Now let’s look at how Mac users can prep their images. The first step is to crop your image to 16:9 ratio. Mac users can do this by importing the image file into the Photos app. Launch Photos, choose Import … in the File menu, navigate to the image file, and click the Import button. Select your image and click the Edit button at the top right.
In the Edit window, choose the Crop option, and select 16:9 from the list of aspect ratios on the right side of the screen, then drag your image up, down, or sideways so that it includes the most important elements. When you’re finished, click the Done button. Back in the home screen of the Photos app, choose Export in the File menu, and specify a file type (again, I suggest JPEG) and specify a filename and destination folder for your cropped image.
To resize the image, double-click the file to open it in the Preview app, then choose Adjust Size in the Tools menu. In the Image Dimensions dialog box, make sure the Scale proportionally and Resample image checkboxes are ticked, and enter 3840 into the Width field; the Height field will automatically be set at 2160. Choose the Save option in the File menu to save your resized image, and you’re ready to load it onto your Frame TV.
With both Windows PCs and Macs, the next step is to copy your image(s) onto a FAT32-formatted thumb drive. Almost certainly, your thumb drive will be using the FAT32 file system, but if you’re not sure, it’s a good idea to check. To confirm whether the file format of your thumb drive is FAT32 on a Mac, right-click on the drive icon in Finder and choose Get info from the pop-up menu. If the format is something other than MS-DOS (FAT32), launch macOS’s Disk Utility app, select Erase on the top of the application window, and in the dialog box, make sure the Format is shown as MS-DOS (FAT32), then click Erase.

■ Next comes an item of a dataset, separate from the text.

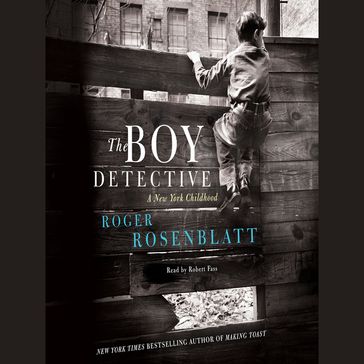 The Boy Detective - Roger Rosenblatt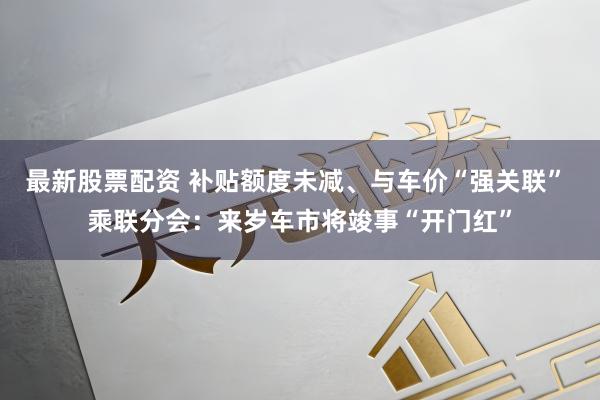 最新股票配资 补贴额度未减、与车价“强关联” 乘联分会:来岁车市将竣事“开门红”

On a Windows PC, to confirm whether the file format of your thumb drive is using the FAT32 file system, launch File Explorer, right-click the thumb drive icon and select Properties in the pop-up menu. If it’s something other than FAT32, right-click on the drive in the File Explorer app, choose Format and in pop-menu, select FAT32 as the file system and press the Start button to reformat the drive to FAT32. Note that when you reformat your thumb drive in either macOS or Windows, all content on the drive will be deleted.
After you’ve copied your image file(s) onto a thumb drive, eject the drive from your computer and plug it into a USB port on the back of the One Connect breakout box for your Frame TV. The process of transferring files from your thumb drive to the Frame TV will vary slightly depending on the model year. But generally, it works like this.
After you plug the drive into your One Connect box, (the usb slot is on the side of the Connect box) a screen showing the drive contents should appear on your TV. If this doesn’t happen, press the Home key on your TV remote and scroll left to the Art app, then scroll down until you see the three-item My Collection menu and then select the USB Disk option on the right. Now you’re in the screen showing the contents of your drive. Select Options at the top of the screen, fill in the checkboxes on the images you want to save to your TV, and scroll up and click on Save to My Photos.
The last step is selecting a matte for your image. Select the image you want to display, and in the next screen, scroll up and click on Options, and in the next screen, click on Matte. You’ll see three options: No Matte, Modern Matte and Shadowbox Matte. Choose the style you want, and then scroll down and choose a color for your matte, and in the next screen, choose Set. Your new piece of virtual art will appear on your Frame TV screen. Congratulations, curator!